Amigos do Rogers

15 de abril de 2013

Até breve

Vou ali fazer uma reformulação rápida na minha mente e volto em breve. Não se preocupem, estarei bem suprido: estou levando iogurte, livros e um restinho de esperança. De quebra, selecionei algumas músicas que serão tocadas no ar, pois pra onde vou não há toca-discos, infelizmente. Beberei muita água, prometo. Não dançarei com o diabo (não gosto dele). Se Deus estará comigo aí já não sei. Não seria pedir demais, já que há 7 bilhões de seres humanos e ególatras suplicando, todo dia ou na hora da morte, por sua ajuda?
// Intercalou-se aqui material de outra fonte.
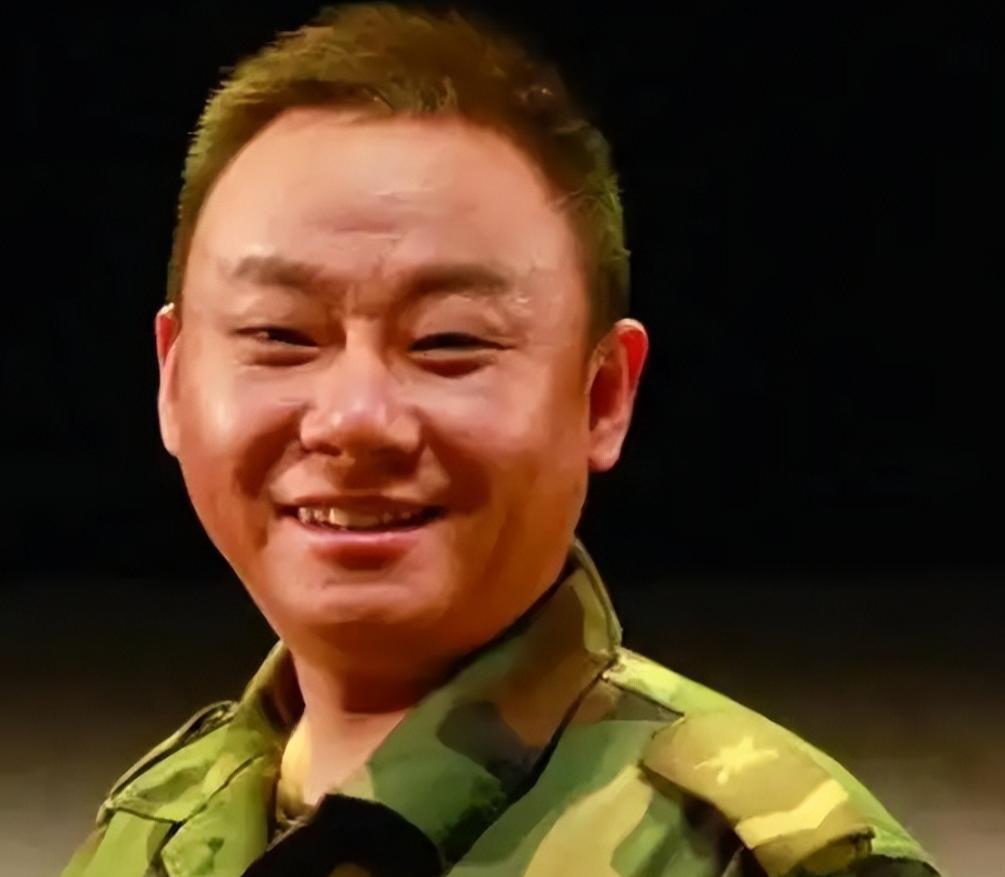 10次上春晚，变卖家产陪妻抗“癌”23年，如今他的幸福羡煞旁人。他就是邵峰。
Tenho medo de fantasmas, sobretudo dos meus, esses que resolvem aparecer quando menos espero e tentam me convencer que estou ficando biruta. Espero que eles não apareçam justamente no momento em que estarei sozinho e serei, por opção, o indivíduo mais solitário do planeta. Não levarei nenhuma arma de fogo ou de rosas, juro. Aproveitarei a oportunidade pra escrever o livro da minha vida. E como é o livro da minha vida, decorarei todas as suas palavras, entrelinhas e tramas e o jogarei fora logo depois. Ele ficará guardado aqui, ó, e será o meu bem mais precioso, juntamente com o(s) meu(s) filho(s), dentre os quais os que ainda não conheço e os que porventura nascerão. Prometo tentar levar à frente o projeto de Brás Cubas, que era criar uma fórmula que solucionaria/solucionará todos os males do espírito. Caso não consiga finalizá-lo, sejam bonzinhos comigo. Pensem pelo lado positivo: eu tentei. Caso consiga, darei as primeiras cápsulas às pessoas que mais amo, das quais não ouso dizer os nomes. Não tomarei muito café, ok? Prometo. Com a água, estou levando várias lembranças: tomarei goles e goles daquelas que me fazem sorrir feito bobo (mais ainda). Quando voltar (se voltar), serei alguém muito especial, ou seja, exatamente o que sou hoje. Até breve.